功名が辻

次の大河が始まりますね。「功名が辻」です。

司馬遼太郎原作で内容としては周知の通り、貧乏侍・山内一豊の出世とその妻・千代の内助の功を描く名作です。この本に関しては私は司馬作品を読み始めた頃、割とはじめの方で読みました。


司馬作品では珍しく女性がクローズアップされた作品ですね。戦国の世を生き抜き、駆け上る中で、武士本人の才覚だけではなく、伴侶の才覚があってはじめて、一人のサムライ(山内一豊)の人生が大名になるまでになった、と。

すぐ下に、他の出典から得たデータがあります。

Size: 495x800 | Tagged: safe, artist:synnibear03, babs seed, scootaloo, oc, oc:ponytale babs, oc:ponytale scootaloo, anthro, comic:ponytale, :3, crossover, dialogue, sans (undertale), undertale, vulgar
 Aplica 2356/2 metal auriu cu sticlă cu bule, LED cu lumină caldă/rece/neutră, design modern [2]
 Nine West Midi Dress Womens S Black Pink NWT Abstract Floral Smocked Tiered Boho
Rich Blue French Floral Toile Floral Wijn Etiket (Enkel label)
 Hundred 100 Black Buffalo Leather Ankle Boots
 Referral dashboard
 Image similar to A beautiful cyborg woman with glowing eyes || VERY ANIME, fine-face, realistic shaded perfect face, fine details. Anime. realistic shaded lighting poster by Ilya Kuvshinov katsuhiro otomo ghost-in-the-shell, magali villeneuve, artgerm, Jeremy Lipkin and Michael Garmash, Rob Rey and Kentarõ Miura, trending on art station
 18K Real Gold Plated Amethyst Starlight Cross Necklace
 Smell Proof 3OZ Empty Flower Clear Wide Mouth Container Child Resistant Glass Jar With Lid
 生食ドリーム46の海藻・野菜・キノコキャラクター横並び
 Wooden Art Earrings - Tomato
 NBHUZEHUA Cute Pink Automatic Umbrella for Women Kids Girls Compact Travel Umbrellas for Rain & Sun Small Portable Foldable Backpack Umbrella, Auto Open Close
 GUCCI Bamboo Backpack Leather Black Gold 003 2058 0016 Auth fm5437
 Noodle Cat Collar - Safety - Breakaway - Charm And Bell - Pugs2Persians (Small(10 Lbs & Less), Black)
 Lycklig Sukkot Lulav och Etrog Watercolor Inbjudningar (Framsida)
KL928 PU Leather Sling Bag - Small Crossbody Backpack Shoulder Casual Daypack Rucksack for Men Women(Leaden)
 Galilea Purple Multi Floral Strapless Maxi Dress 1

原作の「千代」の利発さ・明るさを仲間由紀恵がどう演じるかが楽しみです。あとサブキャラで楽しみなのが徳川家康を演じるのが西田敏行というところ。(私的にはベストは家康にはなんといっても津川雅彦なんですが。)見た目まんまの狸オヤジということなんでしょう。

と、思ったら不破市之丞という千代の養父役で津川雅彦は出るみたいです。もったいない。あのトボケ具合が悪党っぽさを出していいのに(一度「葵 徳川三代(00年大河)」 でやっていてはまり役でした)。

あと、ウンチクとして折り紙なんかで「千代紙」ってありますね。あれはまさしくこの「千代」が考案したものだと以前何かで知りました。


まあ、司馬作品中では山内一豊ってのは要領が悪く、真面目・実直が売りであって、秀吉のような機転や人間的魅力もなく、柴田勝家のような豪胆さもなく、竹中半兵衛のような策略もなく・・・って、ドラマチックな人生を自分で強引に切り開いていくタイプではありません。度胸の据わったサラリーマンか公務員といった感じです(あくまで他の武将と比べるとですが)。

あと、「信長の野望」シリーズでも異常にパラメーターが低いです。飛びぬけたものがなく、合戦ではとても重要な方面を任せられません。農地開墾行脚で終わりそうです。


しかし、最終的には土佐を収める大名になったのですから、たいしたもんです。なにがあって彼がそこまでいきつけたのか、上手くドラマで表現して欲しいと思います。




これに関連した司馬作品の紹介として、山内の遺伝子を継ぎ、幕末に坂本竜馬の友人・武市半平太切腹に追い込んだ幕末四賢候の一人「山内容堂」を描いた短編

新装版 酔って候 (文春文庫)

新装版 酔って候 (文春文庫)

山内一豊が土佐に入る前にその土地を支配していた大名とその一族の悲哀を描いた

新装版 夏草の賦 (上) (文春文庫)

新装版 夏草の賦 (上) (文春文庫)

戦雲の夢 (講談社文庫)

戦雲の夢 (講談社文庫)

ぜひ、どうぞ。

こういった秀吉・家康など、時代の主役に敗れて散った人間を書いた作品にこそ、司馬作品のよさがあると私は思います。